WHAT TO PRODUCE: Starting at the line that contains "Rodo Mop Giratório" in the listing below, write out every line word for word until you have written the line that contains "Pantalones acampanados vintage".

··· DATASET EXTRACT

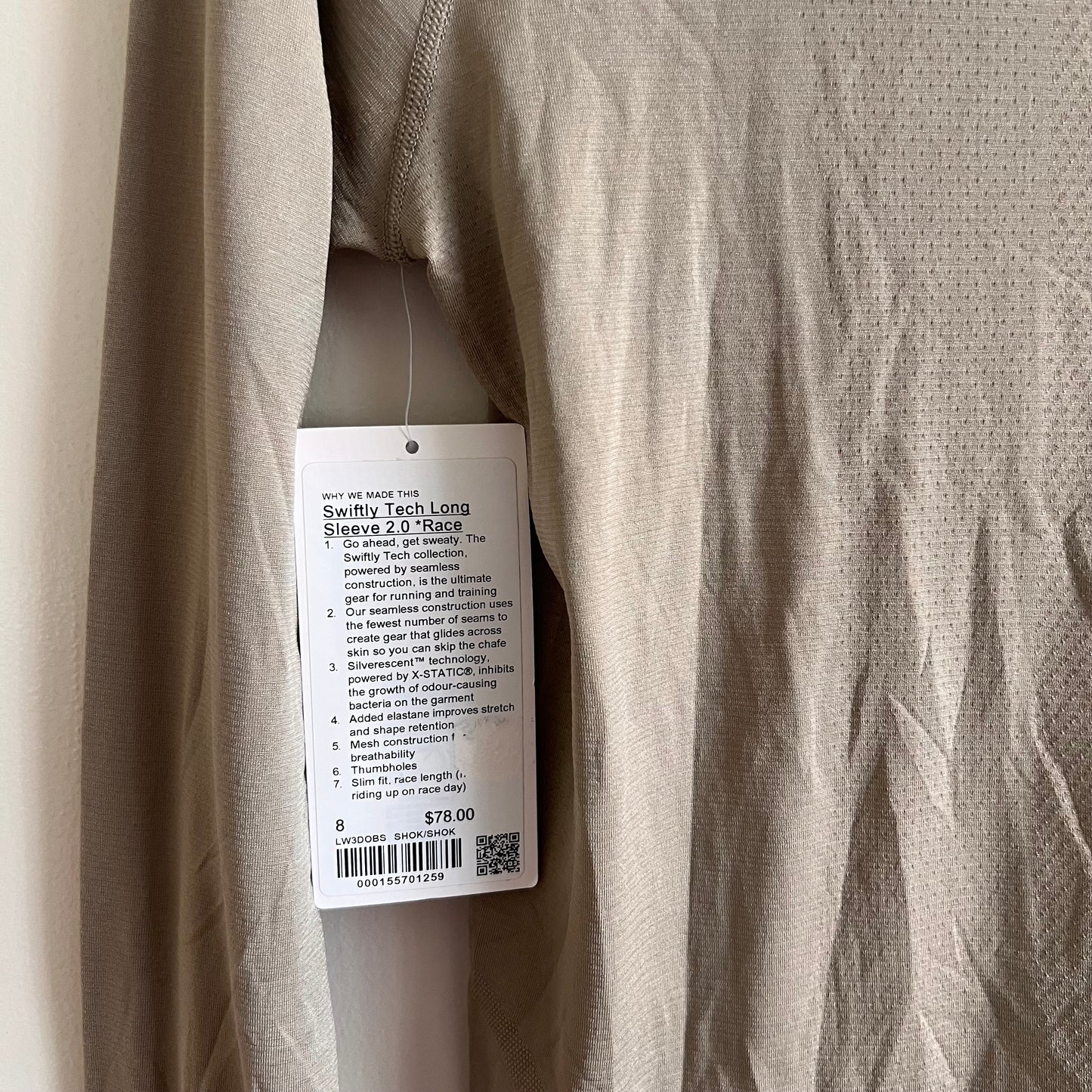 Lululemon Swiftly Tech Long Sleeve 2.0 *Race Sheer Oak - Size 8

······
··· DATASET EXTRACT

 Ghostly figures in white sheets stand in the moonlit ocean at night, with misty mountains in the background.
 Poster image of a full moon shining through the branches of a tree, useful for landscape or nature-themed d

······
··· DATASET EXTRACT

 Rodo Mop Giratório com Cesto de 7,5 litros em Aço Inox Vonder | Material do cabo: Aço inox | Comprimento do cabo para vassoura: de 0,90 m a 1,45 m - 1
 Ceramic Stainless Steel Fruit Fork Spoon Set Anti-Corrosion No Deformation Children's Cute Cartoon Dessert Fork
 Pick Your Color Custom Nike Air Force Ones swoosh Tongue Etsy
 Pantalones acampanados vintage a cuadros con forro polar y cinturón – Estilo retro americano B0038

······

SOLVED PROBLEM:
 Rodo Mop Giratório com Cesto de 7,5 litros em Aço Inox Vonder | Material do cabo: Aço inox | Comprimento do cabo para vassoura: de 0,90 m a 1,45 m - 1
 Ceramic Stainless Steel Fruit Fork Spoon Set Anti-Corrosion No Deformation Children's Cute Cartoon Dessert Fork
 Pick Your Color Custom Nike Air Force Ones swoosh Tongue Etsy
 Pantalones acampanados vintage a cuadros con forro polar y cinturón – Estilo retro americano B0038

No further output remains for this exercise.